In my attempt to get my thank you cards out really quickly, I decided to DIY my thank you cards shortly after making my invitations – that’s right, *before* my wedding.  The goal was to write in the cards as gifts came in so we could send them out as quickly as possible.  In the end, we decided to send out some wedding photos with our thank you cards, so we waited to send them until after the wedding. Since a lot of the cards were written in though (many of our friends sent our gifts to us prior to the wedding), it saved a lot of writing time later on.

As I mentioned in an earlier post, I made my thank you cards match my invitations – this saved a lot of design time.  Here’s the finished product:

Our Thank You Cards (Version 1). Engagement photo by Laura Kay Photography.

I purchased the 8 1/2 x 11 brown cardstock and matching brown envelopes at the same time as ordering the paper for my invitations.  I cut the cardstock in half, width-wise, with a paper trimmer.  I had a paper scoring blade on my trimmer, so used that to cleanly fold all the paper in half.

I did the fronts of the thank you card in two batches – for those guests that gave us a gift prior to our wedding, I used an engagement picture on the front (photoshopped “thanks!” onto it).  Shortly after the wedding, I had our photographer send me one of our wedding pictures so that I could get it printed and added to our thank you cards.

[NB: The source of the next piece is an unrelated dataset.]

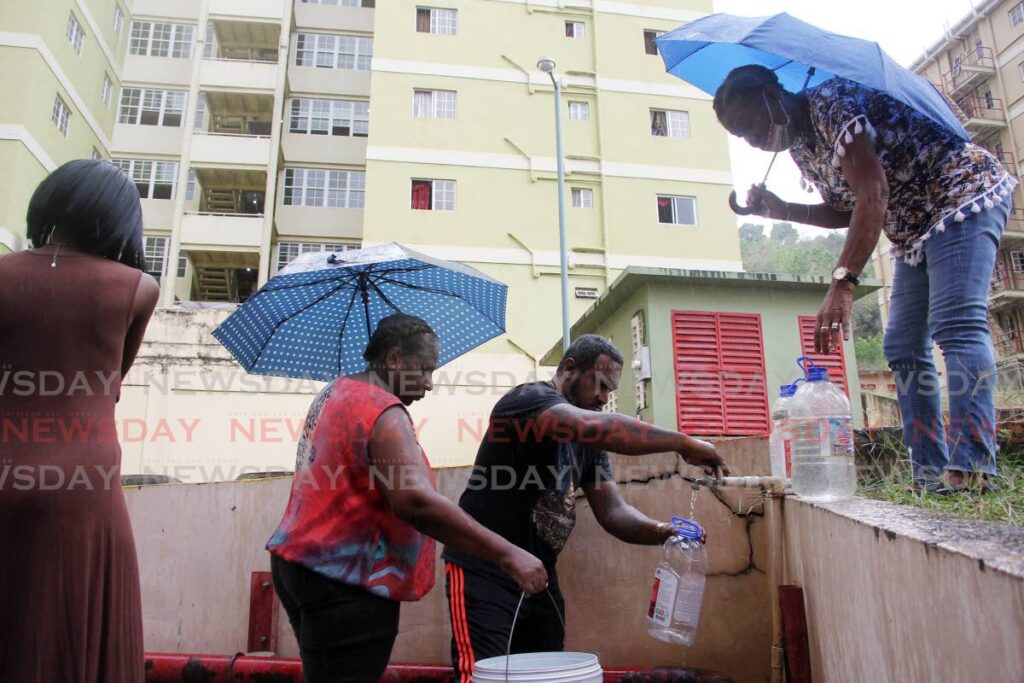 Olera Heights residents line up to fill containers of water because tenants on the upper floors are complaining of no water due to broken down pumps  - Photo by Lincoln Holder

Inside the Thank You Cards

I had some leftover off white linen paper from making another friend’s wedding programs a few years ago, so used that for the inside. I think I just glued it down with a glue stick.

Since the envelopes were brown, I got some sheets of Avery sticker paper (8 1/2 x 11 sticker) and fed it through my printer to make Martha Stewart wrap around labels.  This time, since I wasn’t using green wrapping paper, I made the background of the label lime green in MS Word, and changed my font color to white.  They were  a breeze to print, super easy to stick on, and I just cut them all up with my paper trimmer.  Yep, I shoulda done it that way for my invites! (You live, you learn!).

Now, if DIYing your Thank  You cards seems like complete overkill, I guess you could just buy some regular ones from Target.  But that’s no fun, is it? ;-)

For your interest, here’s the cost breakdown for 100 cards:

  • Brown cards – 10c each (50 sheets cost $10.99)
  • Envelops (A2) – 26c each (100 cost $26)
  • White Linen paper – free (I had it laying around)
  • Photo (mini from MPix) – 8c each (13 sheets of 8 cost $8.19)
  • White cardstock (leftover from invitations, I think we got 15 to a sheet) – 3c each (7 sheets at 50c each cost $3.50)
  • Green handmade paper – 6c each (1 sheet cost around $5 and I got about 80 strips from each one)
  • TOTAL: each card: 53c, total cost: $58 approx + tax, shipping and double sided tape (I used up all the green hand made paper for my wedding, so *my* cost was 53c per card – I factored in the cost of 2 sheets into the grand total).

Ask Mr. Manners

April 22nd, 2009

I had a buddy yesterday ask me for my opinion on an etiquette-related question, since I’m in the wedding mindset. Here’s the question, paraphrased:

“Let’s say you invited your friend to your wedding, and he brought a significant other. Over a year passed by, and there was no gift from said friend. Now, he has invited you to his wedding. What do you do?”

When I heard this question, my first impulse was to go to Martha Stewart’s site to see what she’d say, but there was nada there. Thanks for nothing, Martha. I mean, I know etiquette calls for not expecting a gift, but let’s be real.

So I asked my buddy to provide some more info. Was the friend a close one, or just an acquaintance (he was a “good” friend, but not a “close friend)? Was his wedding local, or would you have to travel (would have to travel)?

It was tempting to say that tit-for-tat would’ve been the way to go, but after thinking about it some, I thought the best approach would be this. Since it was a distance wedding (is that even a term?), I’d either decline the invitation and just send them a middle-of-the-road gift from their registry, or I’d go, and just not be as generous as I’d normally be with my monetary gift.

Thoughts? What would you do? Are my responses too guy-like, or money-driven?

miser11

Note that at my wedding, we’ll be announcing gifts at the door, and anyone not bearing gifts will be sent home. Just kidding!